Showing posts with label Republicans. Show all posts
Showing posts with label Republicans. Show all posts

Saturday, September 24, 2011

The Muse of Unexpected Memories




The Story Behind the Poem

One of Poetry’s many gifts is the sudden associative leap that opens the door to a forgotten room in your soul, one full of meaning and memory. I had not expected Adlai Stevenson to show up in my poem. There he was, my schoolgirl crush. You’ve lived a good long time if you remember Adlai Stevenson. He ran for president in 1952 and 1956. Could a man with a bald spot and a hole in his shoe run for President today?

What did he mean to me, age 9, age 13? When I saw his face, when I heard his voice, something settled down in my body. I felt safe. As the American born child of Jewish refugees from Hitler, feeling safe was not familiar. But Adlai Stevenson felt like kin. He stood for an America in which I could feel at home. Stevenson was my good American father -urbane, sophisticated, witty, eloquent and liberal. Unlike my own father, who was also urbane, sophisticated, witty, eloquent and liberal, I never heard Stevenson fly into a German rage because I’d played a wrong note on the piano. What I heard him say was:

There are men among us who use ‘patriotism’ as a club for attacking other Americans. What can we say for the self-styled patriot who thinks that a Negro, a Jew, a Catholic, or a Japanese-American is less American than he? That he betrays the deepest article of our faith, the belief in individual liberty and equality which has always been the heart and soul of the American idea.

(He said this in 1952, addressing the American Legion in Madison Square Garden.) All we have to do to make that statement current is add “Muslim” and “immigrant” to the list of groups that suffer prejudice.

Stevenson was ridiculed in his time for his indecisive aristocratic air. (Sound familiar, Barack?) He was labeled an egghead. Young as I was, I knew I was an egghead, that my family and friends were eggheads, that I would spend my life among eggheads. I loved it when Stevenson said: "Eggheads of the world unite, you have nothing to lose but your yolks." Spoken like a poet! No wonder I adored him.
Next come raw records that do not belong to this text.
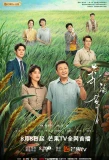 Poster for Happiness Juncao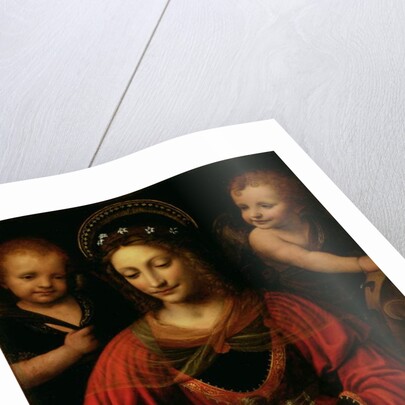 St. Catherine, 1527-31 by Bernardino Luini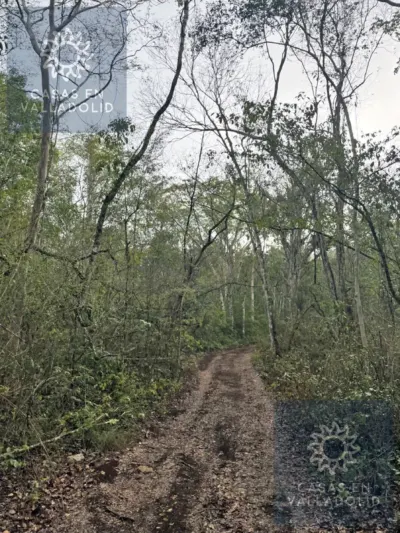 Terreno en México, Yucatán, Tixcacalcupul, Pueblo Tixcacalcupul, foto 5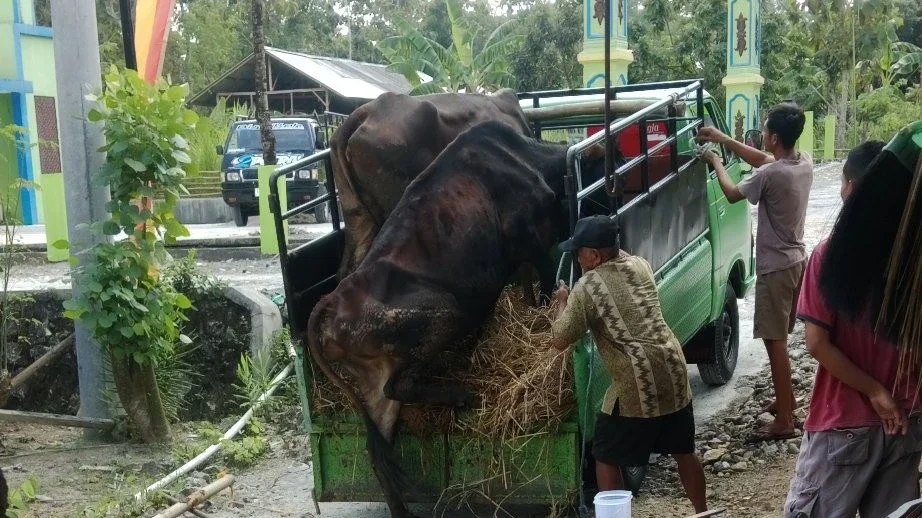 Jual Sapi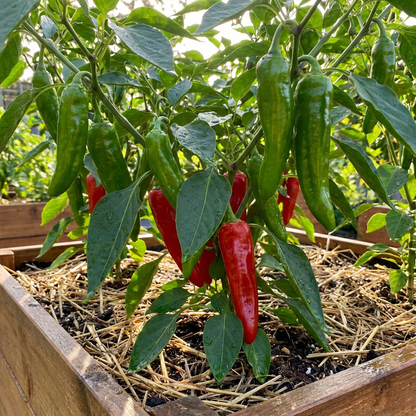 Ajito Pepper Capsicum spp Vegetable Seeds for Planting in Vegetable Patch and Garden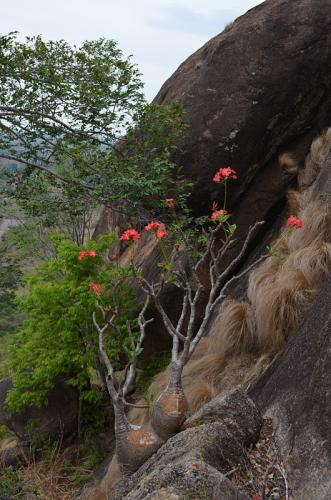 Pachypodium-baronii-Befandriana-zapadne-GPS239-Mad-2015 0756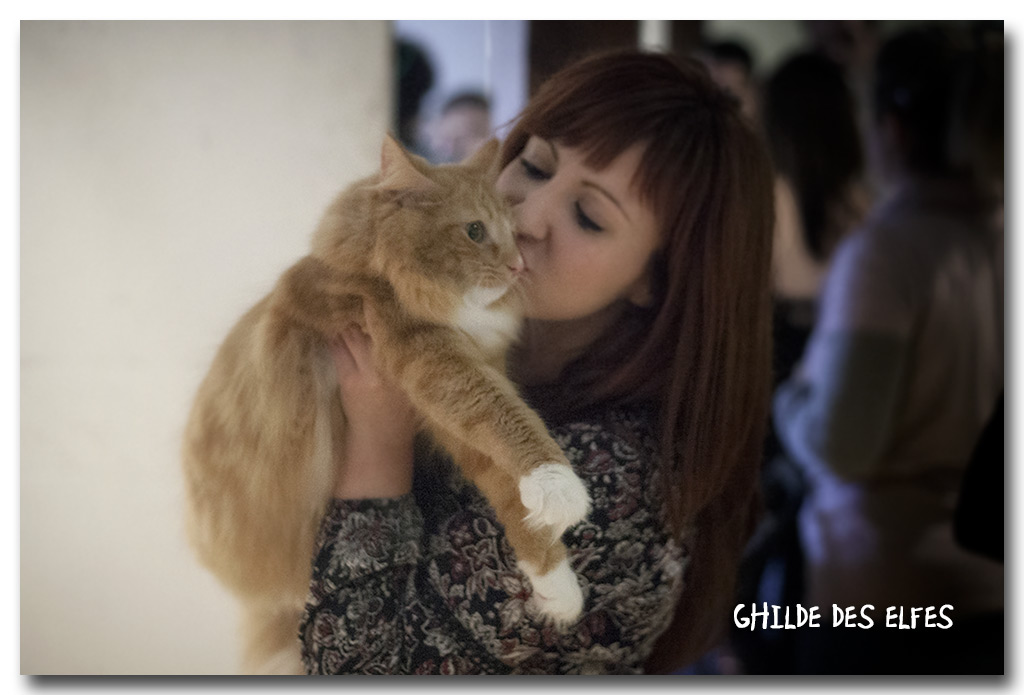 palmyra1.jpg - Palmyra Nabatea, femelle adulte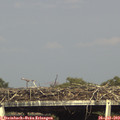 17_00-mast.jpg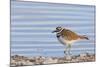 Wyoming, Sublette County, Killdeer Wading in Pond-Elizabeth Boehm-Mounted Photographic Print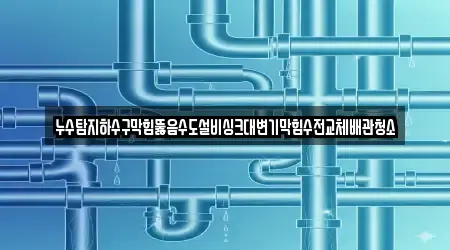 누수탐지하수구막힘뚫음수도설비싱크대변기막힘수전교체배관청소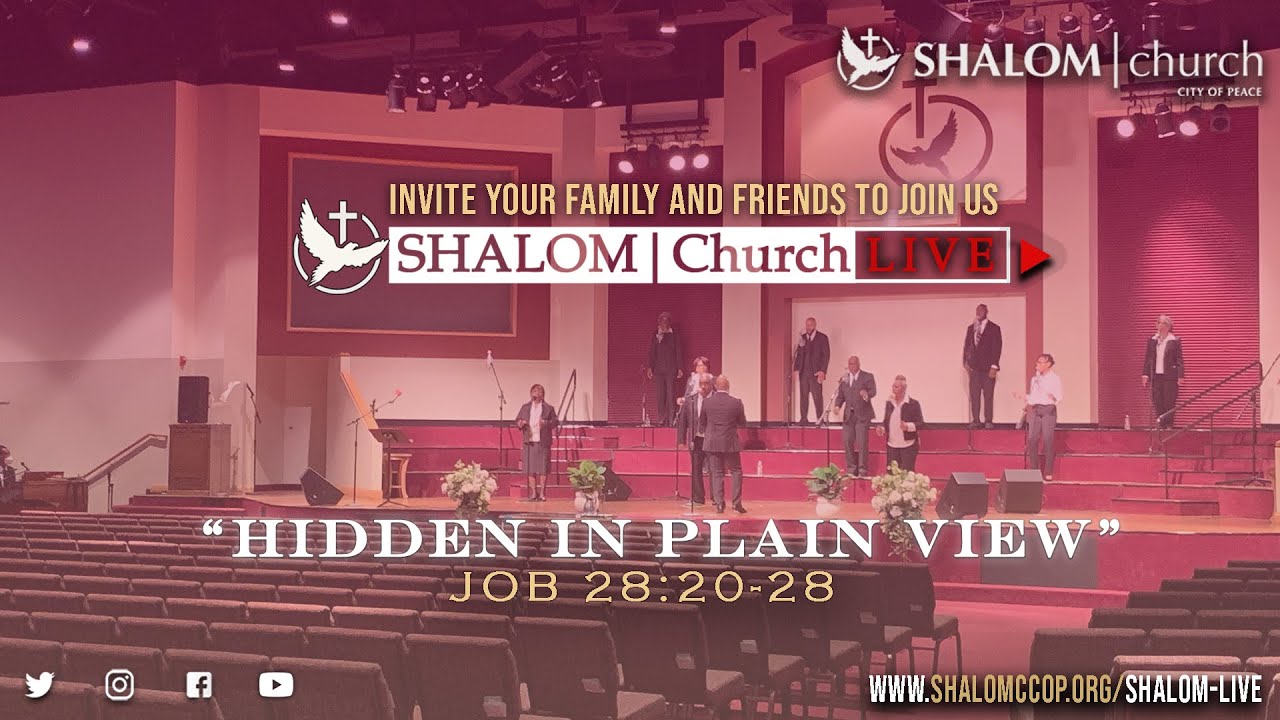 Hidden in Plain View  Job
A supporter told him that he was sure to get the vote of “every thinking” person in the U.S., to which Stevenson replied, “Thank you, but I need a majority to win.”

Stevenson was a man of moral courage and wisdom. In accepting the nomination of the Democratic Party in 1952 he said:

“Our troubles are ahead of us. Some will call us appeasers; others will say we are the War Party. Some will say we are reactionary; others will say we stand for socialism. There will be...the inevitable cries of ‘Throw the rascals out,’ ‘It’s time for a change,’ and so on and so on.”

Obama could say those very words today.

So much has changed and so much remains the same. The kinship I felt as a girl, for Adlai Stevenson, was matched by no one until Barack Obama arrived on the national stage: urbane, sophisticated, witty, eloquent and liberal, though some would argue with that last adjective. Something settles down in my body when I hear our President speak. His intelligence, his vision, his ability to contain great complexity, makes him kin. I hope he is aware of Adlai Stevenson as an ancestor.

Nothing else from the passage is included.